(Work instruction): The data below is to be transcribed word for word; pictures are to be excluded.

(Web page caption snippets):
___
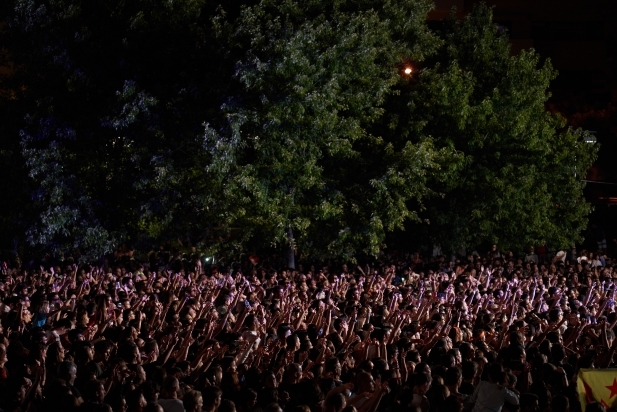 El públic totalment lliurat durant el concert d'Oques Grasses  a la plaça de la Fàbrica Nova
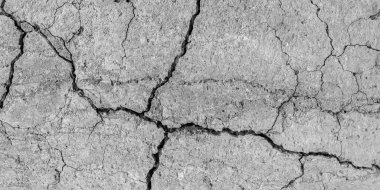 Yüksek çözünürlüklü eski beton çatlaklara ve zaman ve hava koşullarından kaynaklanan doğal yıkıma sahip. Renksiz, tek renkli, siyah beyaz fotoğraf.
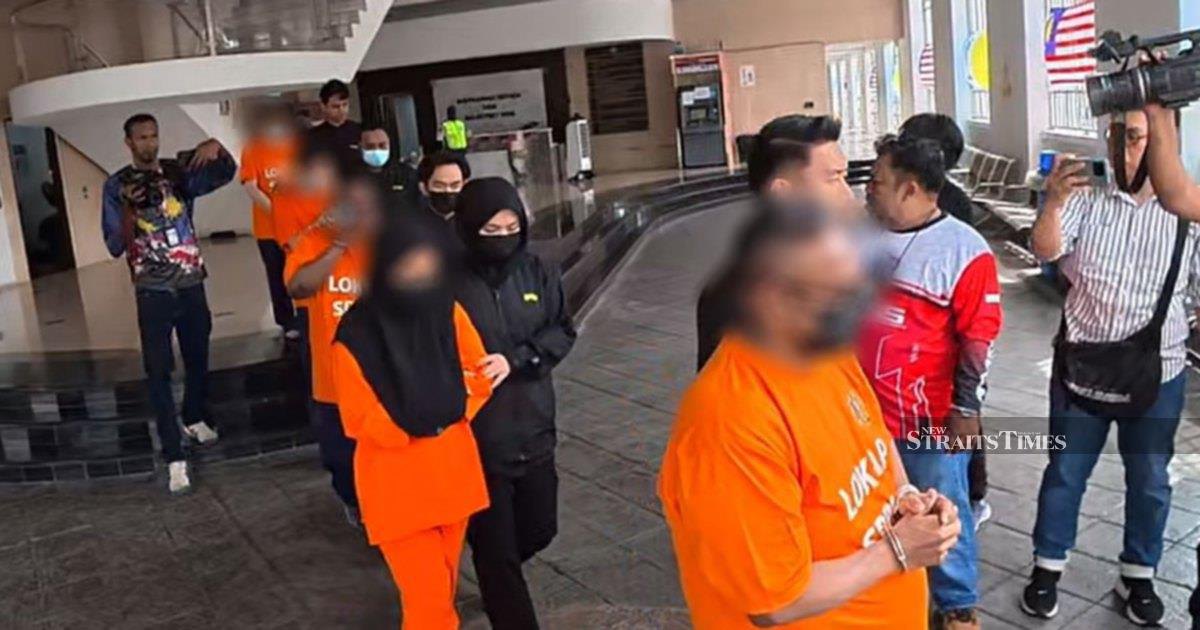 Five Arrested in Power Abuse Probe Including Government Agency Chairman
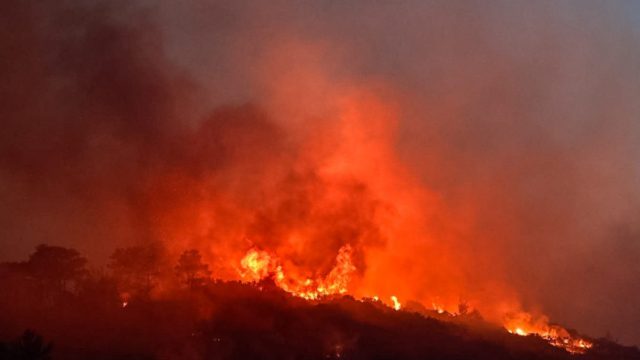 Φωτιά στην Εύβοια: Άμεση επέμβαση στο Μετόχι Καρύστου και εκκενώσεις – Τεράστιος ο κίνδυνος πυρκαγιών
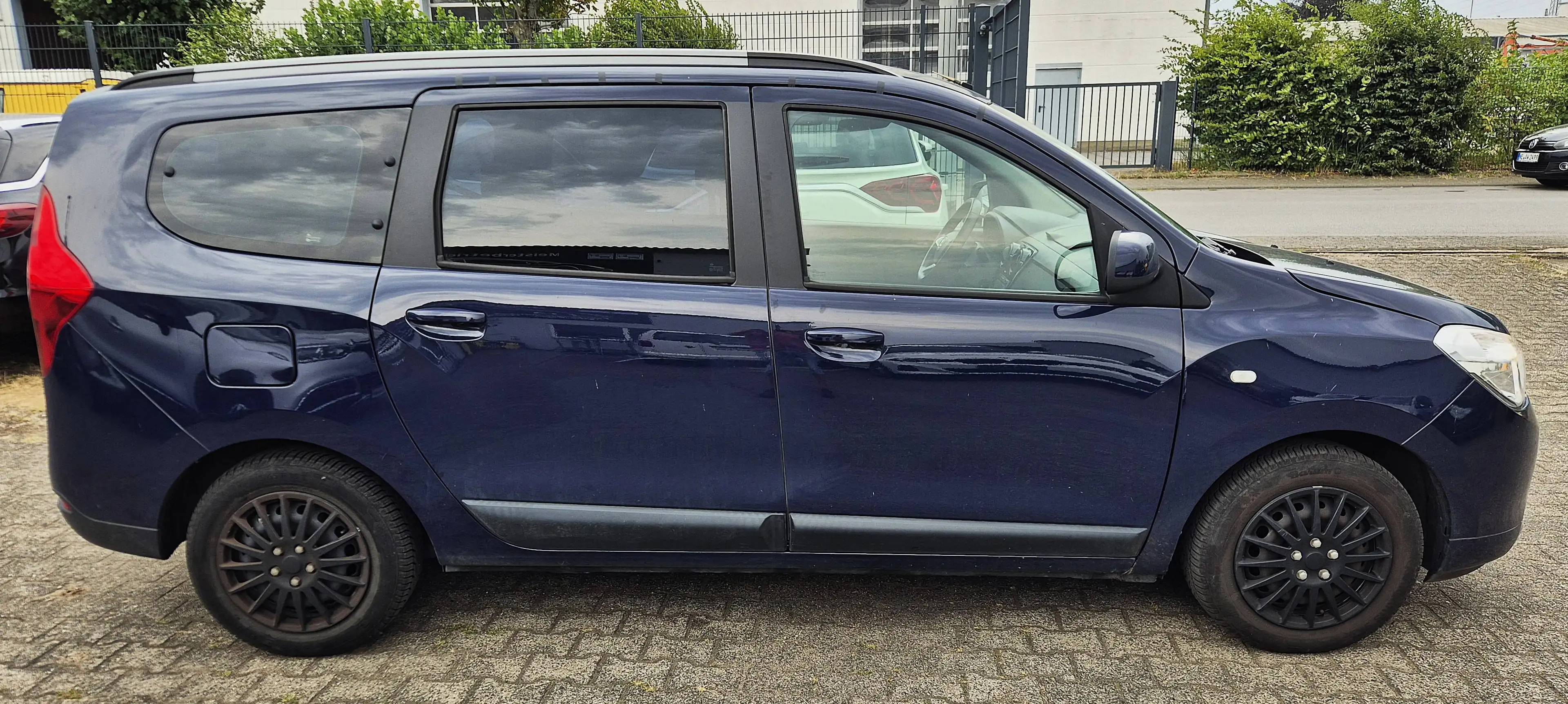 Dacia Lodgy LAUREATE 1,6i 7SITZER KLIMA NAVI RÜCKFAHRKAMERA PDC SHZ ALLWETTER 2HD — photo 3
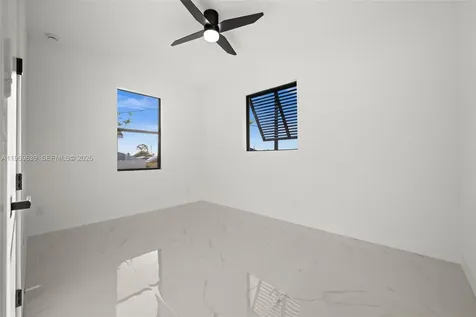 1621 NW 23rd Terrace Cape Coral FL 33993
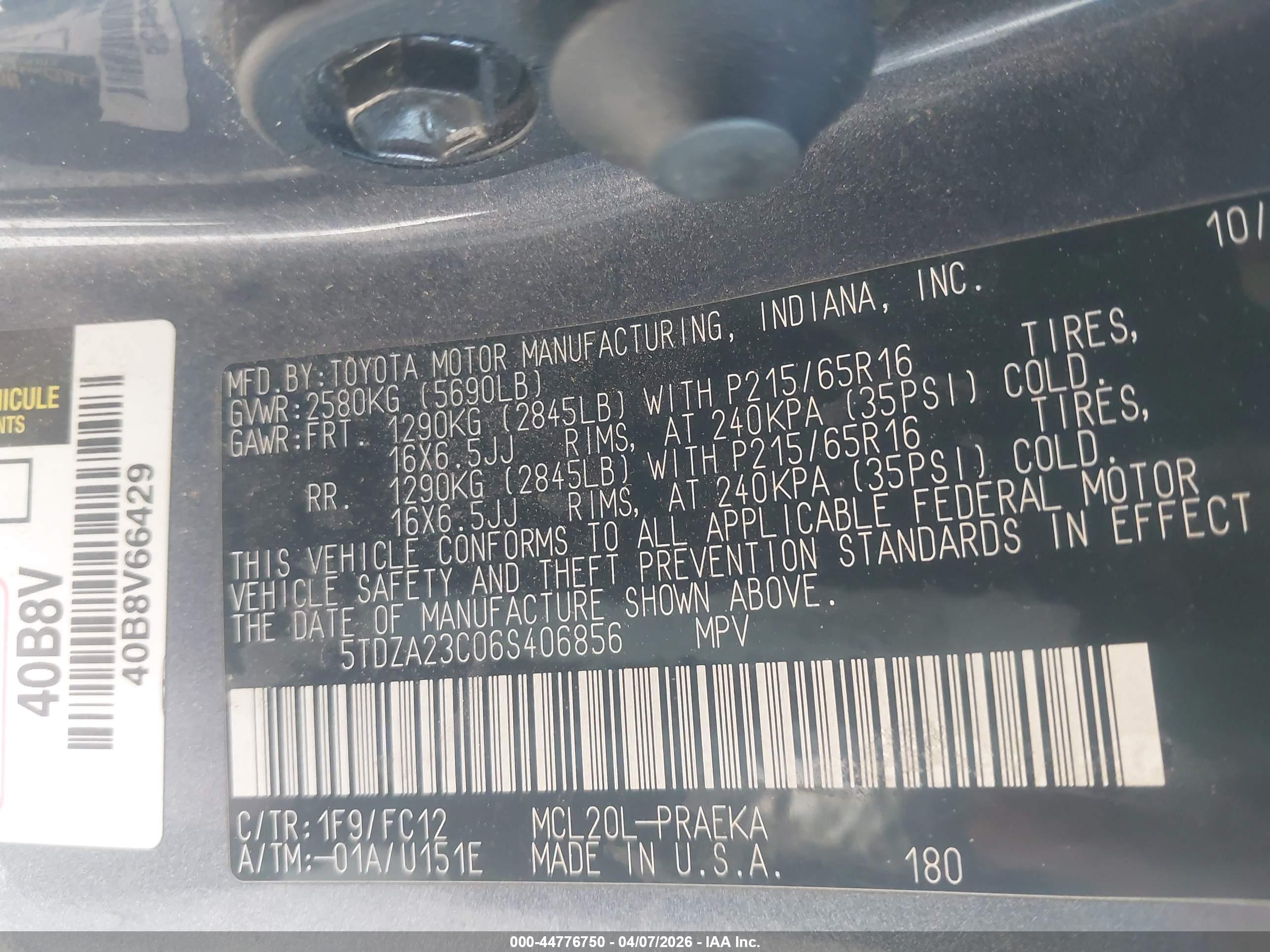 TOYOTA SIENNA image 9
___
(Answer to this exercise):
 El públic totalment lliurat durant el concert d'Oques Grasses  a la plaça de la Fàbrica Nova
 Yüksek çözünürlüklü eski beton çatlaklara ve zaman ve hava koşullarından kaynaklanan doğal yıkıma sahip. Renksiz, tek renkli, siyah beyaz fotoğraf.
 Five Arrested in Power Abuse Probe Including Government Agency Chairman
 Φωτιά στην Εύβοια: Άμεση επέμβαση στο Μετόχι Καρύστου και εκκενώσεις – Τεράστιος ο κίνδυνος πυρκαγιών
 Dacia Lodgy LAUREATE 1,6i 7SITZER KLIMA NAVI RÜCKFAHRKAMERA PDC SHZ ALLWETTER 2HD — photo 3
 1621 NW 23rd Terrace Cape Coral FL 33993
 TOYOTA SIENNA image 9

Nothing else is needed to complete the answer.